This paper describes how displacement information obtained from time-lapse seismic data and estimates of rock material properties from well data or databases can be used in detailed modeling of geomechanical effects. The output of the geomechanical simulation is the stress change and the vertical and horizontal rock displacements. The displacements at the boundary of the model are imposed based on displacement estimates from the time-lapse seismic data, and together with the computed displacements in the interior of the model a complete description of the stress exchange can be obtained.
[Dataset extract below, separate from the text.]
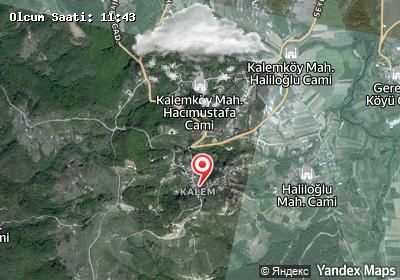 Kalem hava durumu haritası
An advantage of the method is, that no input from reservoir flow simulations coupled with potentially complex yield functions is required, and a detailed description truly consistent with the time-lapse seismic data can be obtained. As a starting point the displacement at top reservoir is estimated from the observed time-lapse time shift using an R-factor model for the time shift to depth shift conversion. Together with the locally dependent material parameters the boundary displacements are used as input to the geomechanical model. The displacements can then be simulated everywhere in the interior of the model. In a next step these displacements are compared to the displacements observed in the time-lapse seismic data. According to the mismatch, the accuracy of the current geomechanical model can be evaluated. To improve the match between simulated displacements and the displacements estimated from the time-lapse seismic data, the local material properties in the model and/or the depth shift estimates can be adjusted. The whole process improves the confidence in the proposed model parameters.
Once the parameters are adjusted and the simulated displacements agree well with the seismic observations the resulting local stress conditions can be trusted. Knowledge of the local stress conditions is important in infill drilling and optimizing well performance and integrity.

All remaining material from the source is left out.